In a profoundly mysterious way, we can say that the serenity and insight that we "cultivate" are not really "things" we acquire or achieve through long-term self-effort. What I am saying here may seem contrarian to much of what is taught within "self-help" schools of spirituality, as is the case in much of Buddhadharma. I do not endorse that "self-help" view. For if one claims that grasping at "self" is the main problem of the human condition, how can "self-effort" be the solution? What I see in the mystery of spiritual growth and transformation is this: serenity and insight are gifts. They are gifts of grace and mercy selflessly poured out on us, infused in us, percolating as emergences of wisdom that catalyze our deepest transformation and freedom. We do not deserve them, We cannot merit them. We have no say in how or when they should arise in us. We simply cannot achieve, acquire, or possess them as "ours."


Beyond all that I've said above, we can through mantra practice enter into deeper realms of contemplative awareness that take us home to our primordial freedom in Christ.

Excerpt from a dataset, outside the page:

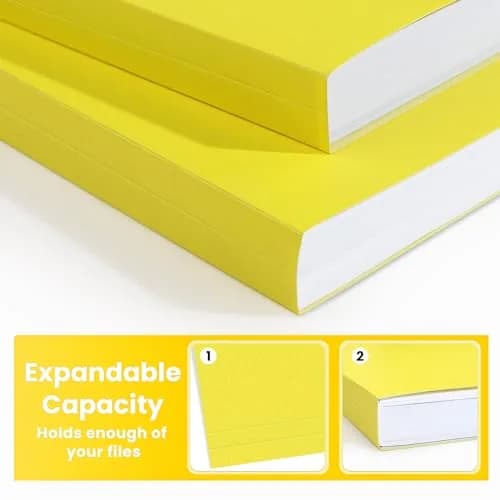 SUNEE Colored File Folders, 30 Pack Manilla Folders 8.5 x 11 Inches, Yellow | Value Pack for Office, School, Home Organization thumbnail 4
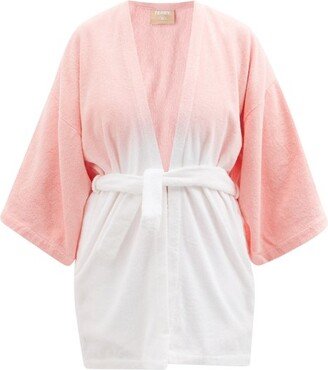 Belted Tie-dye Cotton Robe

The eternal logos, Christ Jesus, Son of the Father by nature became the Son of Man by grace so that we who are sons of man by nature can become sons of God in the Son of Man by grace. By grace, we come to enjoy the blessings of serenity and insight. By grace, we receive the fullness of serenity and insight that breaks down ignorance, destroys sinfulness, nourishes our love and service, and unleashes genuine freedom in Christ. By grace, we realize the nonduality of serenity and insight in each moment of seeing reality with and through God's eyes, instead of with our eyes of dark ignorance and prejudices. In a sense, we can say that perfect insight is viewing all of reality with and through the eyes of God, in and through the living Christ who indwells us in the Spirit for those who have opened our hearts to him. How marvellous! How wonderful! All burdens effortlessly released and all liberation selflessly received!


Fourth Method as Non-Method

One final note. There is another approach we can use with mantra practice. This is the path of wonderment and inquiry. In Chan or Zen, we call this the "critical phrase inspection" method or huatou in Chinese. Here, we make use of the mantra to evoke a deep and robust sense of curiosity and wonderment, totally open and intensively seeking to know, to see, to fathom what the mantra really points us to. The words of the mantra sound simple enough but if we adopt a beginner's mind that is fresh and curious, we may begin to realize that these words are not as simple as they sound or look. We embark on a continuous and unremitting inquiry into the mantra, like a puzzling paradox that draws all of our attention and knowing into itself. In this process, we may come to a point of a immensity of wonderment that traditions calls "great doubt" - a big ball of questioning energy that is resolute on fathoming this "great matter of life and death" in this very moment! Then, in one unforgettable and unexpected instant of grace, the self dissolves into the ball of "doubt" leaving no trace. Time and space implode into emptiness without borders. Even emptiness shatters into a million pieces. The ball of doubt is no more. Peace prevails. Bliss dances. Freedom dawns. The contemplative enters a new dimension, attracted by the magnetic force of a love beyond all conceptuality and separation but is yet personal and triune at the core. God in Christ breaks through. Enough said for now.


Let us joyfully enter this path of self-forgetfulness via the way of mantra. And bask in the sweet presence and power of Christ Jesus that refreshes all that has withered and redeems all that is broken.